Bosworth Hayden B, Bartash Rachel M, Olsen Maren K, Steffens David C
Center for Health Services Research in Primary Care, Durham VAMC, NC 27707, USA.
Int J Geriatr Psychiatry. 2003 Dec;18(12):1142-8. doi: 10.1002/gps.1026.
To examine the relationship between depression and hypertension in an elderly population and how psychosocial variables influence this relationship.
The study included 293 subjects, who met DSM-IV criteria for unipolar depression, and 151 subjects with no psychiatric disorder. All subjects were over the age of 58. Participants were administered the Duke Depression Evaluation Schedule at baseline and at yearly intervals for 3 years.

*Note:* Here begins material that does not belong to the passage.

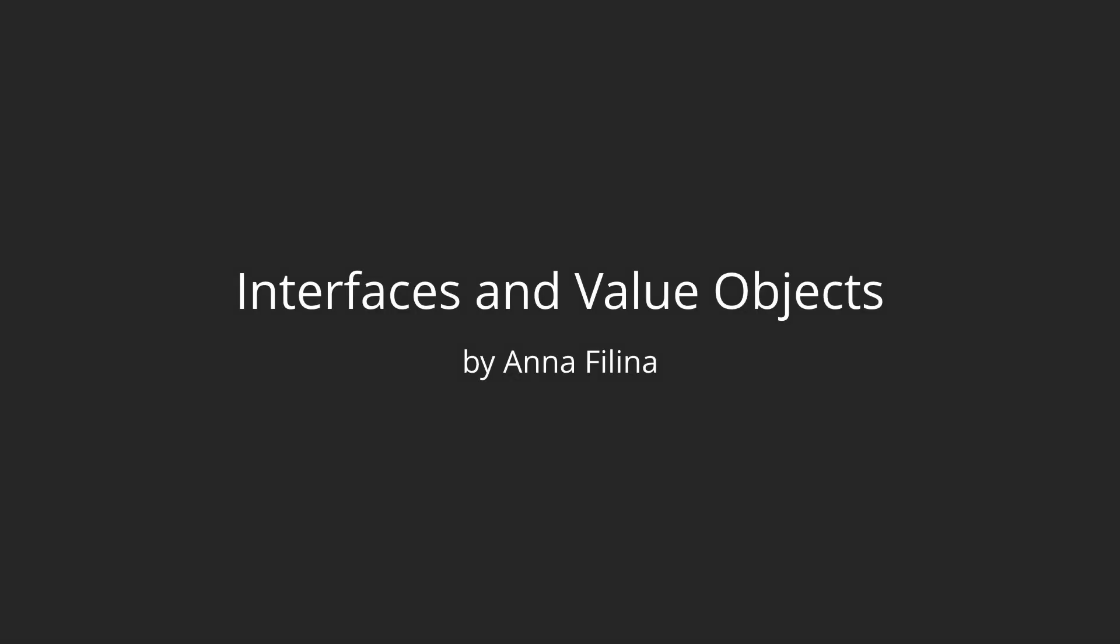Today, I'll show you how to use interfaces and value objects. When used correctly, they can make development effortless and result in high-quality code.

Cross-sectional analyses of baseline data showed that hypertensive patients were more likely to be depressed and of non-white race. Bivariate analyses provided evidence that hypertension was associated with higher amounts of total stressors and lower social support. No differences in the prevalence of hypertension were found between men and women. In addition, there was no evidence of change in hypertension status over time.
Patients, especially minorities, who experience depression, stress, or a lack of social support, are at an increased likelihood of having hypertension and clinicians should consider this risk when treating this population.
研究老年人群中抑郁症与高血压之间的关系,以及社会心理变量如何影响这种关系。
该研究纳入了293名符合DSM-IV单相抑郁症标准的受试者,以及151名无精神障碍的受试者。所有受试者年龄均超过58岁。参与者在基线时以及之后3年每年接受杜克抑郁评估量表测试。
对基线数据的横断面分析表明,高血压患者更易患抑郁症且多为非白人种族。双变量分析表明,高血压与更多的总压力源和更低的社会支持相关。男性和女性在高血压患病率上没有差异。此外,没有证据表明高血压状态随时间变化。
经历抑郁症、压力或缺乏社会支持的患者,尤其是少数族裔,患高血压的可能性增加,临床医生在治疗这类人群时应考虑到这种风险。